Наступает моя очередь гордиться успехами. Быть матерью на самом деле не так легко, как пишут в книжках. Слегка улыбаюсь и, чтобы показаться беззаботной и равнодушной, маленькими глотками пью вино.
— Спасибо, — продолжает Бретт.
— За что именно? — уточняю я. Гнев возвращается. — Спасибо за то, что взяла на себя ответственность, пока ты… — Я заставляю себя замолчать.
— Спасибо за то, что сумела стать такой замечательной мамой, и за то, что позволила увидеть сына, — спокойно поясняет Бретт. — Для меня это очень важно. — Он долго молчит, а потом искренне продолжает: — Важнее, чем ты можешь представить.
Бретт смотрит вдаль задумчиво, отстраненно, и я впервые осознаю, что с ним что-то произошло. Не могу сказать, что именно, но ясно вижу, что человек изменился. Изменился серьезно и глубоко. Куда-то исчезли и самомнение, и заносчивость.
— Зачем? — спрашиваю я.
— Что «зачем»? — Он недоуменно поворачивается.
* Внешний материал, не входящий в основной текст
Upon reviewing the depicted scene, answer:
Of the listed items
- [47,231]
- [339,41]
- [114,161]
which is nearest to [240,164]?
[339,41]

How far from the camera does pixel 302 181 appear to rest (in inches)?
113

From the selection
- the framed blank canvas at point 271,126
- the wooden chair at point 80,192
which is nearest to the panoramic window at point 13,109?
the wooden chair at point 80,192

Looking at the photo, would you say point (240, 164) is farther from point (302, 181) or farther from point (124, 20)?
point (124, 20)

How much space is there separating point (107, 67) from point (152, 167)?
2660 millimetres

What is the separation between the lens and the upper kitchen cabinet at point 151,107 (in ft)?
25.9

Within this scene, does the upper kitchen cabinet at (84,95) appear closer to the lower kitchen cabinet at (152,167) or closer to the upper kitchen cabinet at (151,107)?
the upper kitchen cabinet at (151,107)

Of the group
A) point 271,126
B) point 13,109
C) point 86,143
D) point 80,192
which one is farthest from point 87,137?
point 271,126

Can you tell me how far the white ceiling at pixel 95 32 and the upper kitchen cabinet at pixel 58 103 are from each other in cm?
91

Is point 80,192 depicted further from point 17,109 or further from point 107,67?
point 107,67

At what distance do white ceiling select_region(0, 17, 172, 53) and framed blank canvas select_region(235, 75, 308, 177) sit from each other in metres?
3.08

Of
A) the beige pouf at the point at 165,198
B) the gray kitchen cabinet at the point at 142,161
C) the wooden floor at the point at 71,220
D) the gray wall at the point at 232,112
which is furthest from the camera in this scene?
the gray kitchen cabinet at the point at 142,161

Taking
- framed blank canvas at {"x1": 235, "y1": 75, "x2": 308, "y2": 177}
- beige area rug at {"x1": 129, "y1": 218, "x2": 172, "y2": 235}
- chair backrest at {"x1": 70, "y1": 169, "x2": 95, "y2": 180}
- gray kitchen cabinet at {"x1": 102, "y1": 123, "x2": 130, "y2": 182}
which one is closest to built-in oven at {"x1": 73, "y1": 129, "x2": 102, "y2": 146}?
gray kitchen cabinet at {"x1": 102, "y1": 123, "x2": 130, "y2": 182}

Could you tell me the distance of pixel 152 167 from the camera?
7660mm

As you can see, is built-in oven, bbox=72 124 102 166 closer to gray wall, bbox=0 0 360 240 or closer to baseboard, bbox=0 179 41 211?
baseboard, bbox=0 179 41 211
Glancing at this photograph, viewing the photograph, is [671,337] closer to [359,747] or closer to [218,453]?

— Зачем после стольких лет тебе внезапно потребовалось познакомиться с Тэкери?
— Все равно не поймешь, — тихо отвечает он. — Просто не сможешь понять. А уж тем более не сможешь простить — после всего, что я натворил.
Молчание длится вечно. Мне слегка не по себе. Тэкери и Лидия скрылись из виду, гости постепенно расходятся.
— Я кое-что тебе принес, — осторожно, словно с опаской произносит Бретт и опускает руку в карман брюк. И в голосе, и в движениях чувствуется сомнение. Он уже не так уверен в себе, как прежде. — Вот. — На раскрытой ладони лежит маленькая коробочка.
С первого взгляда узнаю кольцо. Изящное, с семью бриллиантами. Мое обручальное кольцо — я швырнула его, когда застала Бретта в объятиях Консуэлы Мартин.
— Может быть, напрасно стараюсь, но почему-то хочется, чтобы оно вернулось к тебе. Это же твое кольцо, — почти шепотом поясняет Бретт.
Я держу коробочку на ладони и не знаю, что сказать.
— А вот второе, свадебное, я так и не нашел. Да, впрочем, вряд ли оно тебе потребуется.
— У меня теперь другое, — говорю я и показываю руку с двумя подаренными Адамом кольцами: одно из них с огромным бриллиантом.
— Конечно, — обреченно соглашается Бретт.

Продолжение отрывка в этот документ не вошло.